A faithful copy of the data below is required, leaving out every picture.

**Short descriptive text snippets**
::::

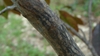 Bark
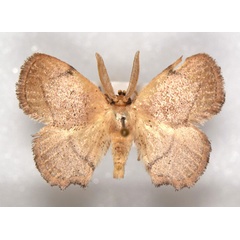 /filer/webapps/moths/media/images/A/aarviki_Ectropona_HT_NHMO.jpg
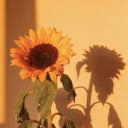 sunflowerpoetree avatar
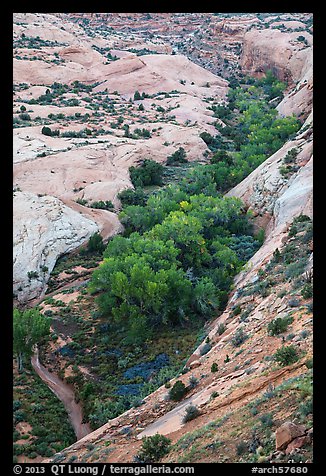 Trees in Winter Camp Wash. Arches National Park (color)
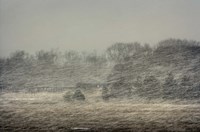 Snow Train to China Fine Art Print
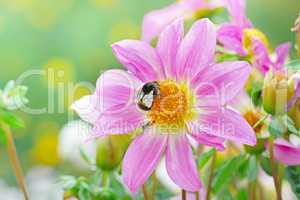 Large black bumble bee collects nectar on a dahlia.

::::

**SOLUTION FOR THIS TASK**
 Bark
 /filer/webapps/moths/media/images/A/aarviki_Ectropona_HT_NHMO.jpg
 sunflowerpoetree avatar
 Trees in Winter Camp Wash. Arches National Park (color)
 Snow Train to China Fine Art Print
 Large black bumble bee collects nectar on a dahlia.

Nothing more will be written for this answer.